**ASSIGNMENT**:
Copy out, unchanged, every line from the start of the records to the line that contains "Eileen Fisher High", and stop there.

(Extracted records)

=======

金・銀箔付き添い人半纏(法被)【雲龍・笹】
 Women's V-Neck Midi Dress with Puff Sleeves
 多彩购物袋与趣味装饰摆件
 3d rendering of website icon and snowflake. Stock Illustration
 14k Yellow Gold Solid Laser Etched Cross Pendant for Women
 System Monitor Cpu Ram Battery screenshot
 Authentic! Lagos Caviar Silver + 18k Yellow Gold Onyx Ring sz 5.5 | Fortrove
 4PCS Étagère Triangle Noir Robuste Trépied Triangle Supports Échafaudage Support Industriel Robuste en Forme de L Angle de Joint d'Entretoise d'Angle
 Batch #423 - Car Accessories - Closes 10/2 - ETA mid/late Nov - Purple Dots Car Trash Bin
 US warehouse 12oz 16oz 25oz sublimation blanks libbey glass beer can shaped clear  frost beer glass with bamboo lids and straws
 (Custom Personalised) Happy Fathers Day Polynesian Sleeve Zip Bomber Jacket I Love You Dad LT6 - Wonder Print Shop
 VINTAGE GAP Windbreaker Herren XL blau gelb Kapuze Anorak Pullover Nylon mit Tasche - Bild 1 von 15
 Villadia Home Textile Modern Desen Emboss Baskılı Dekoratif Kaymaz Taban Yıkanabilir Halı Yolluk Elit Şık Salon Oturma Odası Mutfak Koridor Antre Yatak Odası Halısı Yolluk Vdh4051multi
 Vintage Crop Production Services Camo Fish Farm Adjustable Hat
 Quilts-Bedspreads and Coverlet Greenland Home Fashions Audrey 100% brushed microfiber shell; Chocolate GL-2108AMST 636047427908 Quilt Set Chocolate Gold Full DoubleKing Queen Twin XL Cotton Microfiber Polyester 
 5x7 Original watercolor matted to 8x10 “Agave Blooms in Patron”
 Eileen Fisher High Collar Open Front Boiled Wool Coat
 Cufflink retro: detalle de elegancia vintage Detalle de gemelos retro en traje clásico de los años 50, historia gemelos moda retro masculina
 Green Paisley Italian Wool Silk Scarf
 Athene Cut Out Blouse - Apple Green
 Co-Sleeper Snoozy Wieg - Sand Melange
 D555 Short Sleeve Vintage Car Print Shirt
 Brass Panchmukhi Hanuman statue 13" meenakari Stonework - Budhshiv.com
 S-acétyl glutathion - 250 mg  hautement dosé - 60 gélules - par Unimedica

=======

**EXPECTED OUTPUT**:
金・銀箔付き添い人半纏(法被)【雲龍・笹】
 Women's V-Neck Midi Dress with Puff Sleeves
 多彩购物袋与趣味装饰摆件
 3d rendering of website icon and snowflake. Stock Illustration
 14k Yellow Gold Solid Laser Etched Cross Pendant for Women
 System Monitor Cpu Ram Battery screenshot
 Authentic! Lagos Caviar Silver + 18k Yellow Gold Onyx Ring sz 5.5 | Fortrove
 4PCS Étagère Triangle Noir Robuste Trépied Triangle Supports Échafaudage Support Industriel Robuste en Forme de L Angle de Joint d'Entretoise d'Angle
 Batch #423 - Car Accessories - Closes 10/2 - ETA mid/late Nov - Purple Dots Car Trash Bin
 US warehouse 12oz 16oz 25oz sublimation blanks libbey glass beer can shaped clear  frost beer glass with bamboo lids and straws
 (Custom Personalised) Happy Fathers Day Polynesian Sleeve Zip Bomber Jacket I Love You Dad LT6 - Wonder Print Shop
 VINTAGE GAP Windbreaker Herren XL blau gelb Kapuze Anorak Pullover Nylon mit Tasche - Bild 1 von 15
 Villadia Home Textile Modern Desen Emboss Baskılı Dekoratif Kaymaz Taban Yıkanabilir Halı Yolluk Elit Şık Salon Oturma Odası Mutfak Koridor Antre Yatak Odası Halısı Yolluk Vdh4051multi
 Vintage Crop Production Services Camo Fish Farm Adjustable Hat
 Quilts-Bedspreads and Coverlet Greenland Home Fashions Audrey 100% brushed microfiber shell; Chocolate GL-2108AMST 636047427908 Quilt Set Chocolate Gold Full DoubleKing Queen Twin XL Cotton Microfiber Polyester 
 5x7 Original watercolor matted to 8x10 “Agave Blooms in Patron”
 Eileen Fisher High Collar Open Front Boiled Wool Coat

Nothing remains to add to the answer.